Would you please transcribe the data in full and exactly, excluding images?

> **Supplied data**
────────

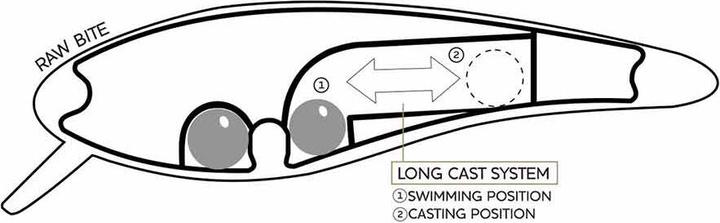 Immagine prodotto Westin RawBite Floating (11 cm)
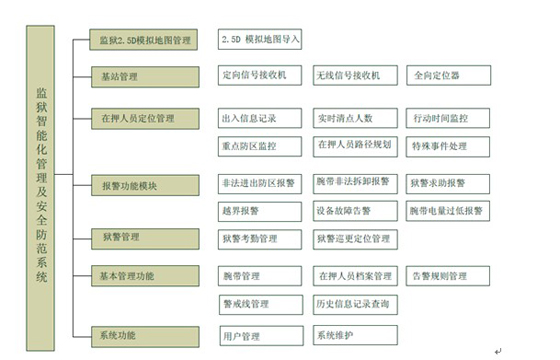 Smart Prison Defense Management System-Personnel Positioning Management System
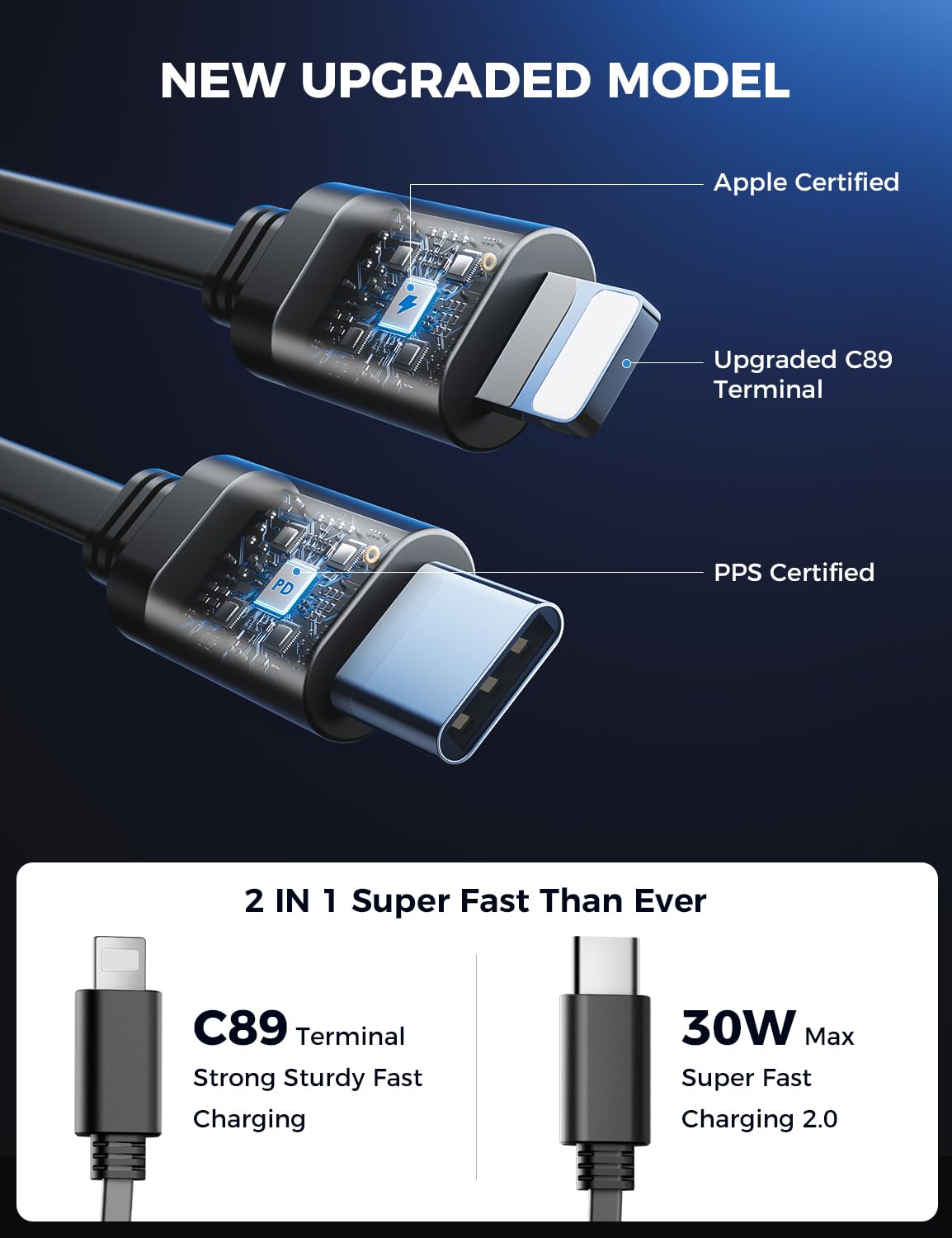 【Upgraded】 SUPERONE Retractable Car Charger 4 in 1, Fast Car Phone Charger with Cord 2.6ft, USB C and Apple Car Adapter, Compatible with iPhone 17 16 15/15 Pro Max/14/13/12/11, Galaxy, Pixel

────────

> **Result of the task**
 Immagine prodotto Westin RawBite Floating (11 cm)
 Smart Prison Defense Management System-Personnel Positioning Management System
 【Upgraded】 SUPERONE Retractable Car Charger 4 in 1, Fast Car Phone Charger with Cord 2.6ft, USB C and Apple Car Adapter, Compatible with iPhone 17 16 15/15 Pro Max/14/13/12/11, Galaxy, Pixel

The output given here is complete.